Re: [PATCH 00/10]block-throttle: add low/high limit

[Date Prev][Date Next][Thread Prev][Thread Next][Date Index][Thread Index]

 



On Fri, May 13, 2016 at 03:12:45PM -0400, Vivek Goyal wrote:
> On Tue, May 10, 2016 at 05:16:30PM -0700, Shaohua Li wrote:
> > Hi,
> > 
> > This patch set adds low/high limit for blk-throttle cgroup. The interface is
> > io.low and io.high.
> > 
> > low limit implements best effort bandwidth/iops protection. If one cgroup
> > doesn't reach its low limit, no other cgroups can use more bandwidth/iops than
> > their low limit. cgroup without low limit is not protected. If there is cgroup
> > with low limit but the cgroup doesn't reach low limit yet, the cgroup without
> > low limit will be throttled to very low bandwidth/iops.
> 
> Hi Shaohua,
> 
> Can you please describe a little what problem are you solving and how
> it is not solved with what we have right now.

The goal is to implement a best effort limit. io.max is a hard limit,
which means cgroup can't use more bandwidth than max even there is no IO
pressure. If we set a high io.max limit for a low priority cgroup, high
priority cgroup will get harmed and dispatch less IO. If we set a low
io.max limit, total disk bandwidth can't be fully used by low priority
cgroup if high priority cgroup doesn't run. Either isn't good. This is
exactly what io.high tries to solve. The io.high is a soft limit, cgroup
could exceed the limit if there is no IO pressure. So in above example,
low priority cgroup can use more than io.high IO if high priority cgroup
isn't running and use up to io.high IO otherwise.

> Are you trying to guarantee minimum bandwidth to a cgroup?
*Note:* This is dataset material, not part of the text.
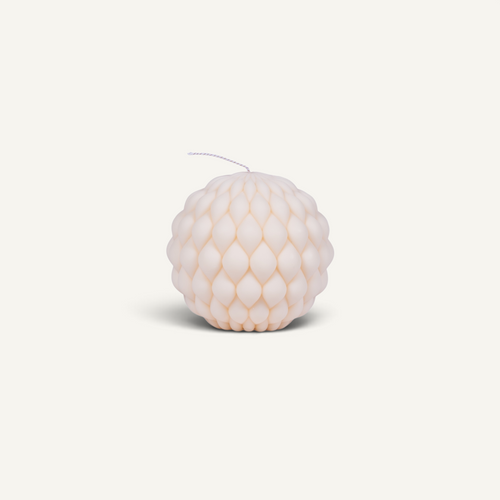 A single textured spherical candle in a pale blush pink color, featuring a dimpled, raspberry-like surface and a thin white wick, set against a solid off-white background.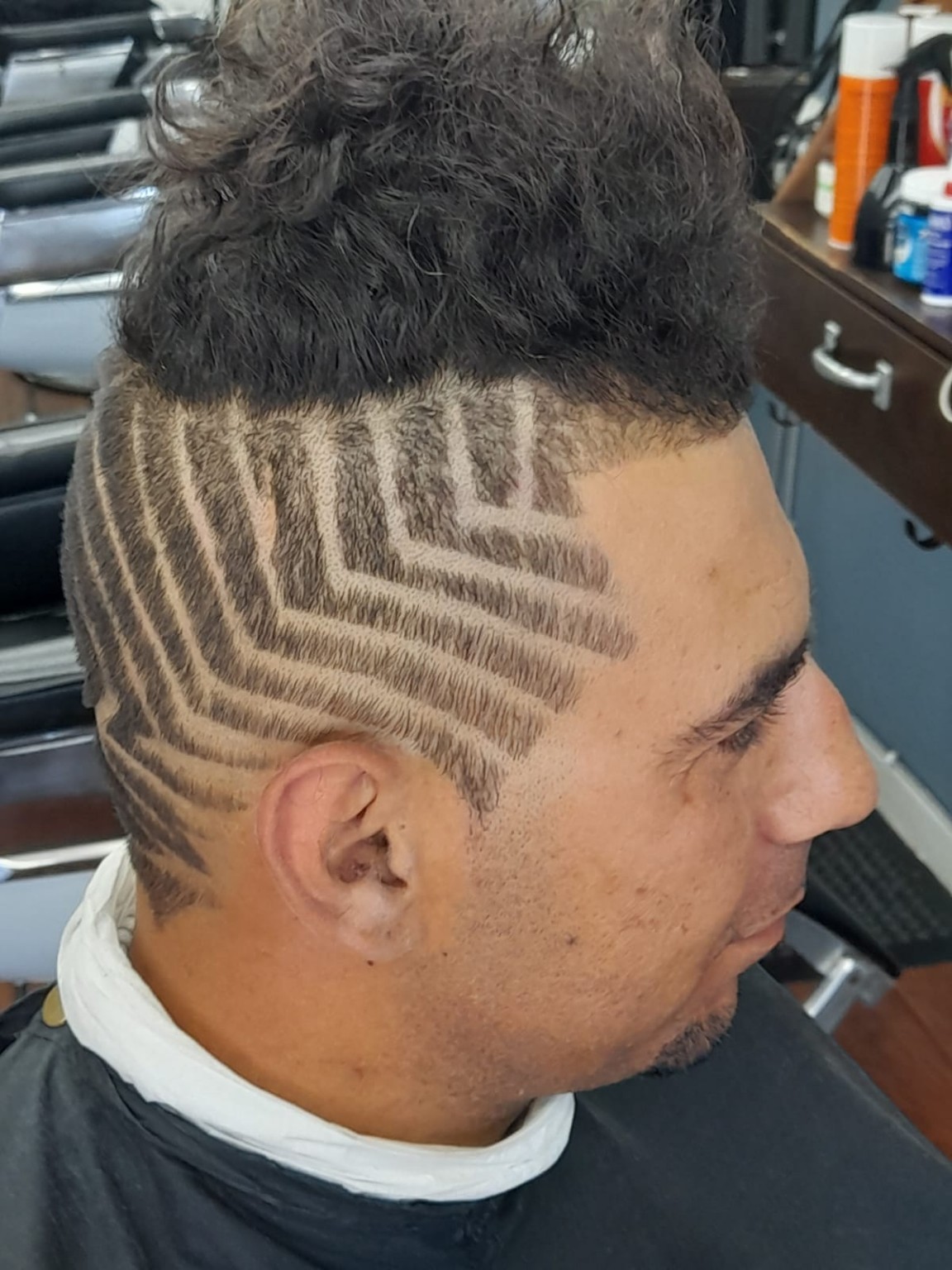 K. Stylz haircut design — side view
And approach
> seems to be that specify minimum bandwidth required by a cgroup in
> io.low and if cgroup does not get that bandwidth, other cgroups will
> be automatically throttled and will not get more than their io.low
> limit BW.

This is exactly what io.low tries to do, protect high priority cgroup.

> I am wondering how would one configure io.low limit? How would
> application know what's the device IO capability and what part of
> that bandwidth application requires.

I agree configure io.low/high limit isn't easy. We have the same problem
for any limit based scheduling including io.max. I don't have good
answer yet for the configuration, but those limits can only be found
after a lot of testing/benchmarking.

> IOW, proportional control using
> absolute limits is very tricky as it requires one to know device's
> IO rate capabilities. To make it more complex, device throughput
> is not fixed and varies based on badndwith. That mean, io.low also
> somehow needs to adjust accorginly. And to me that means using a
> notion of prio/weight works best instead of absolute limits.
>
> In general you seem to be wanting to implement proportional control
> outside CFQ so that it can be used with other block devices. I think
> your previous idea of assigning weights to cgroup and translating
> it automatically to some sort of control (number of tokens) was
> better than absolute limits.
> 
> Having said that, it required knowing cost of IO and I am not sure
> if we reached some conclusion at LSF about this.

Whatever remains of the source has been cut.